As our natural resources continue to deplete, we must prepare to make drastic changes in our lifestyles. Choosing to live sustainably is the first step in securing our planet's future. A great way to make the world a more eco-friendly place is to change the way we build. Creating green homes, offices and buildings can reduce our carbon footprints and provide a bright future for generations to come.

As an internationally recognized green building program, Leadership in Energy and Environmental Design (LEED) provides guidelines for constructing, designing and maintaining green buildings. By following these guidelines, LEED will certify your home, office or building as sustainable, placing you at the forefront of eco-friendly living.
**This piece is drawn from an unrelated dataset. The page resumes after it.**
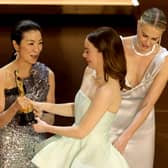  Emma Stone (2nd R) accepts the Best Actress in a Leading Role award for "Poor Things" from Jennifer Lawrence, Michelle Yeoh, and Charlize Theron onstage during the 96th Annual Academy Awards at Dolby Theatre on March 10, 2024 in Hollywood, California. (Photo by Kevin Winter/Getty Images)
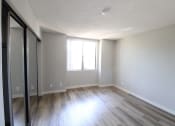 Thumbnail 6 of 37 - Large Bedrooms Mirrored Full Wall Wardrobes Flooring & Natural Light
While participation in LEED is completely voluntary, being involved demonstrates leadership in social responsibility and environmental stewardship.

Why choose LEED?

  • Green buildings lower operating costs and increase building value.
  • Using eco-friendly materials reduces the amount of waste sent to landfills.
  • Sustainable builds conserve energy, lowering harmful emissions in the environment.
  • Following LEED-sustainable standards provides a healthy environment for occupants.
  • Green designs are innovative.
  • Certification establishes a commitment to the environment and is a symbol of social responsibility.

How to get certified

LEED has created a points system for determining the sustainability of a new or existing build. For a building to be considered LEED-certified, it must earn a minimum of 40 points, or credits, on a 110 point scale. The more credits a building gets, the more sustainable it is. There are a lot of ways to earn points without blowing your budget. Even simple choices, such as plants or type of materials, can impact your home's sustainability potential.

Main Credit Categories include:

  • Water efficiency: Reducing water use is a cost-effective, sustainable solution.Points can be earned by installing water-efficient fixtures, installing rain barrels or planting native landscaping materials that require little water.
  • Materials and resources: There are many different types of eco-friendly materials you can use when building a home. Try using low-emitting paints, buying local materials, repurposing materials or utilizing eco-friendly flooring.
  • Sustainable sites: Integrating the natural environment, such as native landscaping, with a building provides a balanced environment. Earn points by choosing a building type with little impact on the surroundings, a building site that does not have sensitive elements or a location near mass transit facilities to reduce potential pollution from cars.
  • Indoor Environmental Quality: Improve on indoor air quality through increased ventilation or by installing controlled systems for heating and cooling.
  • Energy and Atmosphere: Finding ways to lower your energy use is not only good for your wallet, it’s good for the environment. Earn points by installing energy-efficient appliances, adding windows to reduce lighting costs or using green energy resources such as solar panels.

While the above are good guidelines of what credits you can expect to find when getting a building certified, the LEED rating system varies by type of building. For example, if you are building a home you must prove different credits than someone building a hotel. Once you have determined which rating system is right for you, register your project with the U.S. Green Building Council and submit your application.

History

LEED was founded in 1993 by conservationist Robert Watson. Since its creation, LEED has become a standard by which sustainable buildings are measured. Today, LEED projects have been established in 135 countries, with more than half of certified buildings located internationally.